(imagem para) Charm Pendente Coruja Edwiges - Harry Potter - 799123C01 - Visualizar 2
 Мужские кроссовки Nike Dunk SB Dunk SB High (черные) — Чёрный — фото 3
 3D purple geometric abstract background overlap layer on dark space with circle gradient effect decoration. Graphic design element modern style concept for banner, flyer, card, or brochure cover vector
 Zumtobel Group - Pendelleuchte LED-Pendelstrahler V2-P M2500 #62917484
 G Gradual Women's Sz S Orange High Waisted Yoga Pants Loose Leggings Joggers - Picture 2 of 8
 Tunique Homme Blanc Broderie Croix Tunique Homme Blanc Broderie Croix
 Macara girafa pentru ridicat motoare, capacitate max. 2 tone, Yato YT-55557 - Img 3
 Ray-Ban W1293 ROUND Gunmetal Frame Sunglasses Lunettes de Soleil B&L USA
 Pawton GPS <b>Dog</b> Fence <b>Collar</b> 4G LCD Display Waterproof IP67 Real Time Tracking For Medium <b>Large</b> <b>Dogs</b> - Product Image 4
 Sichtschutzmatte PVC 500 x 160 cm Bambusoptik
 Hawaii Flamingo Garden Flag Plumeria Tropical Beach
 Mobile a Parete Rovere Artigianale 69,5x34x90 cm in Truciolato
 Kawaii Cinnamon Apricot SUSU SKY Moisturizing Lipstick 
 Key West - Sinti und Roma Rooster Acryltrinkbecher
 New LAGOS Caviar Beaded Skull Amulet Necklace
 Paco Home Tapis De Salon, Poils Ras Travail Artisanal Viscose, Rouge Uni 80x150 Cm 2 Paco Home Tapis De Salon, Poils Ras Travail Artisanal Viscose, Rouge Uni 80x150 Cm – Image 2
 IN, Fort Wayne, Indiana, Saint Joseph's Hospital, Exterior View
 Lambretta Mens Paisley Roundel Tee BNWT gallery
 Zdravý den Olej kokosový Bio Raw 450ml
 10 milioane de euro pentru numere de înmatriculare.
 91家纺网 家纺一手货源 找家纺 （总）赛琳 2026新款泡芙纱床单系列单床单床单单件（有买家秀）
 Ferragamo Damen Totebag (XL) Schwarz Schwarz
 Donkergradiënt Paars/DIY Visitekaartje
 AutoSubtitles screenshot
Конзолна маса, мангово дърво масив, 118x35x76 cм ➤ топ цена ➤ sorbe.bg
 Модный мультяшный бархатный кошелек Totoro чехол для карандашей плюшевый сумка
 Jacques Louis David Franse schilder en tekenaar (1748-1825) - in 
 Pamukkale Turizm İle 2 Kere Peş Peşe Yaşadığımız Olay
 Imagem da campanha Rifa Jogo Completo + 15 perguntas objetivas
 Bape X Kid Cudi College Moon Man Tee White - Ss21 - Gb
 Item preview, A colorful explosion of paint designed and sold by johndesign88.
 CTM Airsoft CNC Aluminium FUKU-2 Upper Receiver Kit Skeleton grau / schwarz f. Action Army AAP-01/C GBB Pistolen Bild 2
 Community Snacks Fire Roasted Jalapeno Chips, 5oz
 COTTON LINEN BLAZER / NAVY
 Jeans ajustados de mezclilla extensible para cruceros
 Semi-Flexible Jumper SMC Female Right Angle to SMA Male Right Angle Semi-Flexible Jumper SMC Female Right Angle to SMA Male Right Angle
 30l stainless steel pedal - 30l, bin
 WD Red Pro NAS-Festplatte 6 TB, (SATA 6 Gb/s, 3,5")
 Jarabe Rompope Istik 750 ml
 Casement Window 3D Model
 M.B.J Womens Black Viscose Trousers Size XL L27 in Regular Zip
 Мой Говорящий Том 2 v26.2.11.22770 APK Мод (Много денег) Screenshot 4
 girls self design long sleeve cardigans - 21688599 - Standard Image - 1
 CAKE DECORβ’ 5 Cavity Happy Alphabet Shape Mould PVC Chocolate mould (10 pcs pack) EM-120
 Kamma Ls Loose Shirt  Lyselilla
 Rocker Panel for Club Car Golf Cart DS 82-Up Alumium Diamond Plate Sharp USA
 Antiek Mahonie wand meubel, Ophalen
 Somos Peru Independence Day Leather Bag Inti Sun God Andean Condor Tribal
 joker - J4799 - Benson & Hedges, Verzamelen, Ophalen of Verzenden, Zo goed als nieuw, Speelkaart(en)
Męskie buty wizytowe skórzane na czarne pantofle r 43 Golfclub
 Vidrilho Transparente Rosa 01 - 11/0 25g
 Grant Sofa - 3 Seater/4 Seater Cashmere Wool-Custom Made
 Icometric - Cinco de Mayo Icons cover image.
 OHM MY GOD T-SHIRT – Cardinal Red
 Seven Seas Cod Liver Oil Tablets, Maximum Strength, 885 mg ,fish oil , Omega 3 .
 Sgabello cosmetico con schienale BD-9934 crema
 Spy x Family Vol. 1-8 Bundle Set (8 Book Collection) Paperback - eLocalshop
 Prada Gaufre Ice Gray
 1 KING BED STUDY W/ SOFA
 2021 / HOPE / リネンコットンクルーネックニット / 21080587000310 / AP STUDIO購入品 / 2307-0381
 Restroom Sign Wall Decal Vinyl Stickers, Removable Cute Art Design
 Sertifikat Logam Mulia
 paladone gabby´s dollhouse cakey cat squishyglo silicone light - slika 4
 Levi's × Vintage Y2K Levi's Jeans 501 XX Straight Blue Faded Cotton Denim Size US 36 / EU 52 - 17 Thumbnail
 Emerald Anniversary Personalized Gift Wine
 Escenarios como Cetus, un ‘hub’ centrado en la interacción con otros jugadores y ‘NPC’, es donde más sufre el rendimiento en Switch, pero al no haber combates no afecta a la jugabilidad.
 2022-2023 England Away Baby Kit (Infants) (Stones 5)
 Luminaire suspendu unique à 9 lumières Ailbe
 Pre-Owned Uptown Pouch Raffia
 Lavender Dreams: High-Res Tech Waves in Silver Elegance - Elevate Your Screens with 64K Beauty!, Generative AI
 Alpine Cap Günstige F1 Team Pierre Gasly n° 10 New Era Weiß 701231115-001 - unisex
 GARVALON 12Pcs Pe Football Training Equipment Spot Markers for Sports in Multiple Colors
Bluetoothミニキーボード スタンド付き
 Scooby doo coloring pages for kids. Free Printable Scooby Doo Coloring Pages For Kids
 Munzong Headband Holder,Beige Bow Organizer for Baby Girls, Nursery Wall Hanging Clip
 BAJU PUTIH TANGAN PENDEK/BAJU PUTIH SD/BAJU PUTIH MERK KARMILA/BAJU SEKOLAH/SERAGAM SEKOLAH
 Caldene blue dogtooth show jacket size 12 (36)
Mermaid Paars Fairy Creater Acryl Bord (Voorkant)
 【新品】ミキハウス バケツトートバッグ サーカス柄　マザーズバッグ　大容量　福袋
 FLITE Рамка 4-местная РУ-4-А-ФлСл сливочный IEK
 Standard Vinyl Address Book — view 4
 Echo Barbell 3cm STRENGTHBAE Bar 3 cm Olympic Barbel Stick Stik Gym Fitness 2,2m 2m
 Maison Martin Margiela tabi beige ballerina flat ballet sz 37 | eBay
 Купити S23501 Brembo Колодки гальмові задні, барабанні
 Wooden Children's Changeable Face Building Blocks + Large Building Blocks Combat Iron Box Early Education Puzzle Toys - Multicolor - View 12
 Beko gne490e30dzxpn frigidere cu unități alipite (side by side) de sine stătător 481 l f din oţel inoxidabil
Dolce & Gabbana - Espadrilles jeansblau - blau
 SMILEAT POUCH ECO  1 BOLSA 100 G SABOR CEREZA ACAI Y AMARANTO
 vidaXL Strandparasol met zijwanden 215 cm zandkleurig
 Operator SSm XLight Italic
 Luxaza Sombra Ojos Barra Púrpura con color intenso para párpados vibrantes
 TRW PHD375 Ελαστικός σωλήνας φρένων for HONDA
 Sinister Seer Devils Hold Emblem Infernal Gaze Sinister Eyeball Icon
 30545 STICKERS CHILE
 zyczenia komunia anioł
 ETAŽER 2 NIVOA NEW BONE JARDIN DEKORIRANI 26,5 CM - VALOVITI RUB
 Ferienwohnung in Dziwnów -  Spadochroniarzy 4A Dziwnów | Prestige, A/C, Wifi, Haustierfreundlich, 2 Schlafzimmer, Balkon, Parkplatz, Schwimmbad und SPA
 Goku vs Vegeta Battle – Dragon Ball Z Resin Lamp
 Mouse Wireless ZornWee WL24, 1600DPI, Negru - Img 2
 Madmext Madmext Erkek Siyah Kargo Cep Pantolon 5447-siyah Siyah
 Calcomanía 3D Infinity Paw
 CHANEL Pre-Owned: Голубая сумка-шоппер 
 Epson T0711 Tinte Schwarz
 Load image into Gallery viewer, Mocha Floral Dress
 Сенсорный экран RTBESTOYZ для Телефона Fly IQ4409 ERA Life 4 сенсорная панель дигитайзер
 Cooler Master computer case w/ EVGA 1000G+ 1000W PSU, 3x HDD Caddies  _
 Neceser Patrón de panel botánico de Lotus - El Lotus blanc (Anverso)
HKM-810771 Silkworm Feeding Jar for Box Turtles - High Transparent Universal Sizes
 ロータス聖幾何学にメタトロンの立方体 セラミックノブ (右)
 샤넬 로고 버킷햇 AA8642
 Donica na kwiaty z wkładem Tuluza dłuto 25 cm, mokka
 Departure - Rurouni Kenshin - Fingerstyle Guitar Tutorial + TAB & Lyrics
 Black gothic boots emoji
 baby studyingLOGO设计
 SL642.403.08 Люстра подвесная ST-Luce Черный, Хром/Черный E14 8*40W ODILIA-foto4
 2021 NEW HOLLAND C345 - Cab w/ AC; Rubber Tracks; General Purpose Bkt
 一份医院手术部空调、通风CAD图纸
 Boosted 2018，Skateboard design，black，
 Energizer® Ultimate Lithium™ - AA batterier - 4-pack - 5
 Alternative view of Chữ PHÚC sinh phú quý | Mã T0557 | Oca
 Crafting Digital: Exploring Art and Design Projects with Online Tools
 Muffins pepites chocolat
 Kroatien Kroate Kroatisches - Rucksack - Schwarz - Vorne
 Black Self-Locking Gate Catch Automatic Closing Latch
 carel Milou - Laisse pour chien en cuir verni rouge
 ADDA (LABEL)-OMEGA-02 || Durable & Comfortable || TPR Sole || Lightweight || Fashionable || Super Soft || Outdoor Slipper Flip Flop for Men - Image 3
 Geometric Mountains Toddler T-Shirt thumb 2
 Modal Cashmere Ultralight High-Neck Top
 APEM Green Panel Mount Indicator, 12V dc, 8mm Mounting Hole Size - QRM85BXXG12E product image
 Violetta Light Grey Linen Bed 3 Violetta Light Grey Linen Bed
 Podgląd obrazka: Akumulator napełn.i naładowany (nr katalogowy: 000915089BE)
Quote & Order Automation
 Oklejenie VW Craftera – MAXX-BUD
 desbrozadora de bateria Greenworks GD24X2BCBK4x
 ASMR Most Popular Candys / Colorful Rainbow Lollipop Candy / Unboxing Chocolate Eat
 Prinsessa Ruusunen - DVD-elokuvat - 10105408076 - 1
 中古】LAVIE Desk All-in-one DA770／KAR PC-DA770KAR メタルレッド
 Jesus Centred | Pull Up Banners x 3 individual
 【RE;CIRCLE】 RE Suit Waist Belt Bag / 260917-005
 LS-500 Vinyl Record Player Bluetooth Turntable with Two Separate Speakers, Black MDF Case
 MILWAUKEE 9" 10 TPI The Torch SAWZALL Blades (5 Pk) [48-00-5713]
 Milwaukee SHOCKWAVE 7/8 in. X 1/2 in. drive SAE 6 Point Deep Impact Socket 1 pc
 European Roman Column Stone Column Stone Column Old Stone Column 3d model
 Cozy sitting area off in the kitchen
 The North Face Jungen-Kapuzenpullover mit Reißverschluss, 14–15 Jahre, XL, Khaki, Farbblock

━━━━━━━━

**ASSIGNMENT**
Retype, exactly and in full, the listing from its first line to the one holding "Key West - Sinti", both included.

**RESULT FOR THIS TASK**
(imagem para) Charm Pendente Coruja Edwiges - Harry Potter - 799123C01 - Visualizar 2
 Мужские кроссовки Nike Dunk SB Dunk SB High (черные) — Чёрный — фото 3
 3D purple geometric abstract background overlap layer on dark space with circle gradient effect decoration. Graphic design element modern style concept for banner, flyer, card, or brochure cover vector
 Zumtobel Group - Pendelleuchte LED-Pendelstrahler V2-P M2500 #62917484
 G Gradual Women's Sz S Orange High Waisted Yoga Pants Loose Leggings Joggers - Picture 2 of 8
 Tunique Homme Blanc Broderie Croix Tunique Homme Blanc Broderie Croix
 Macara girafa pentru ridicat motoare, capacitate max. 2 tone, Yato YT-55557 - Img 3
 Ray-Ban W1293 ROUND Gunmetal Frame Sunglasses Lunettes de Soleil B&L USA
 Pawton GPS <b>Dog</b> Fence <b>Collar</b> 4G LCD Display Waterproof IP67 Real Time Tracking For Medium <b>Large</b> <b>Dogs</b> - Product Image 4
 Sichtschutzmatte PVC 500 x 160 cm Bambusoptik
 Hawaii Flamingo Garden Flag Plumeria Tropical Beach
 Mobile a Parete Rovere Artigianale 69,5x34x90 cm in Truciolato
 Kawaii Cinnamon Apricot SUSU SKY Moisturizing Lipstick 
 Key West - Sinti und Roma Rooster Acryltrinkbecher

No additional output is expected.